The program, which will be backed by the FHA, or Federal Housing Administration, would allow approved lenders to fund short term loans that could be applied as down payments for first time homeowners, and repaid once they receive their income tax credit.
FHA purchases require a 3.5% downpayment on loans backed by the Agency. This translates to little to no money down on homes up to $230,000. Its interesting to note that one of the causes of the current housing crisis is that many homeowners we’re able to purchase homes with little to no down-payment. These 100% financing loans made it such that homebuyers did not have to place a down-payment on their homes.
On a positive note, borrowers that seek financing through FHA must fully document their income, and clearly show a low DTI (debt-to-income) ratio, or, in layman’s terms, the ability to easily afford the mortgage. The FHA offers security to investors and servicers through a mortgage insurance policy on most all FHA originated loans.
It is interesting to find that the FHA would endorse homeowners recieving tax credit funds basically up front to purchase a home with little money down after they worked so hard to remove DPA programs, that allowed for sellers to “gift” money to homebuyers to allow for less money down. According to today’s WSJ:
“Although it remains to be seen how the program is actually implemented, the plan resembles former seller-funded down payment assistance programs,” writes housing analyst Ivy Zelman in a research note Wednesday. “We remain concerned that the lenient underwriting standards, low down-payment requirements and now the ability of FHA borrowers to purchase a home without putting any of their own equity into the purchase is creating a tremendous risk for the program and taxpayers in the future.”
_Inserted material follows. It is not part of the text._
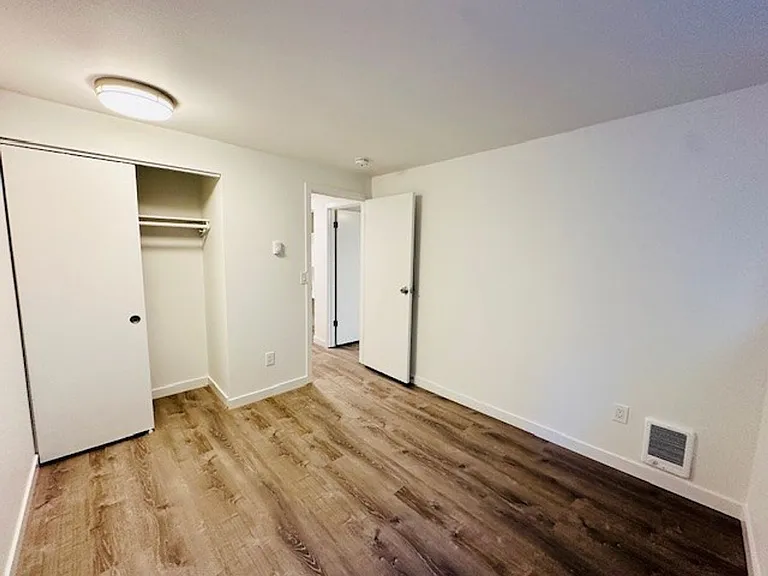 11211 NE 68th Street — Photo 13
Ultimately, time will tell whether this pending program will help or hinder economic recovery. It does provide a huge incentive to first time homebuyers looking for homes as they would not have to save as much money to purchase a new home. At the same time, much of the current housing crisis is due to similar low/no down payment programs. On average, however, homeowners in FHA mortgages are usually less prone to default, need a loan modification, or face foreclosure.
Most are of the opinion that this program will be a huge benefit to first time homebuyers, and encourage more to buy a home for the first time. While this will certainly not provide a huge stimulus to the US Housing Economy, an increase in first time homebuyers may provide the nudge that signifies to long term real-estate investors that the market is turning, and to begin purchasing more properties.